Residents who cannot be managed in mainstream facilities can be accommodated in the special care facilities, sometimes called psychogeriatric or aged-care neurobehavioural units, for a defined period of time until behaviours abated before returning to mainstream care, he said.
“Such facilities, which require secure grounds, more and better trained staff than mainstream nursing homes, and support from multidisciplinary specialist mental health services for older people, have been shown to reduce problematic behaviours and increase socialisation,” he said.
Models of these special care units exist and are usually developed in partnership with commonwealth and state funding, he said.
Similar calls from providers
Professor Brodaty’s comments on the need for the specialised units echo those of HammondCare CEO Dr Stephen Judd who also called for the introduction more broadly of special care units, such as those units run by Southern Cross Care in Perth and Linden Cottage at Hammondville.
Catholic Health Australia CEO Suzanne Greenwood similarly said specialist high dependency units were needed to provide a more comprehensive response to addressing severe BPSD.
Mrs Greenwood said this suggestion was included in CHA’s 2015-16 pre-budget submission as part of a three-pronged approach, which also included expert advice response teams and funding directed to services that demonstrated capability in managing severe behaviours.
Challenges and short-comings of response teams
While Professor Brodaty welcomed the response teams he said organising them across six states and two territories to provide comprehensive coverage with around $11 million of funding per year would create a logistical challenge.
Coordinating teams with the current Dementia Behaviour Management Advisory Services (DBMAS) would further present a structural challenge, he said.
Adding much stronger criticism, clinical psychologist and dementia educator Bernie McCarthy said he was disappointed the initiative was for teams to provide advice, which the DBMAS already provided enough of, rather than resources.

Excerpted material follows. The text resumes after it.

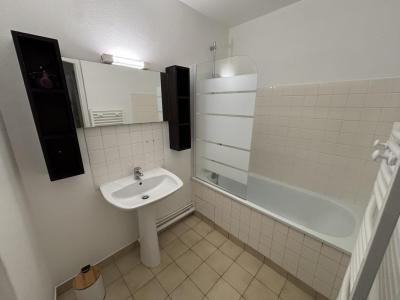 For rent Nantes 2 rooms 34 m2 Loire atlantique (44000) photo 3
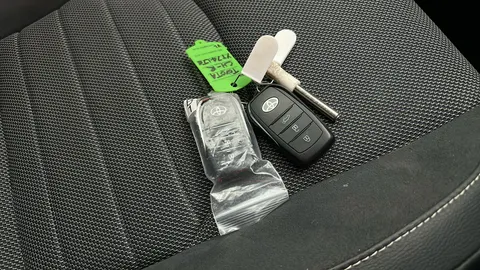 TOYOTA C-HR 2.0 PHEV Excel CVT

“All the advice in the world will not resolve the issues staff face when severely disturbed situations arise,” Mr McCarthy told AAA.
“They need better training in person-centred approaches to relating, communicating and problem solving, and they need leadership trained in leading dementia care settings in a person-centred manner so that issues like pain and emotional distress due to inappropriate or ineffective interactions from staff can be addressed.”
He said until there was a person-centred focus that flowed into care decisions with detailed knowledge of the individual there would continue to be excessive levels of behavioural disturbance and short-term fixes like this.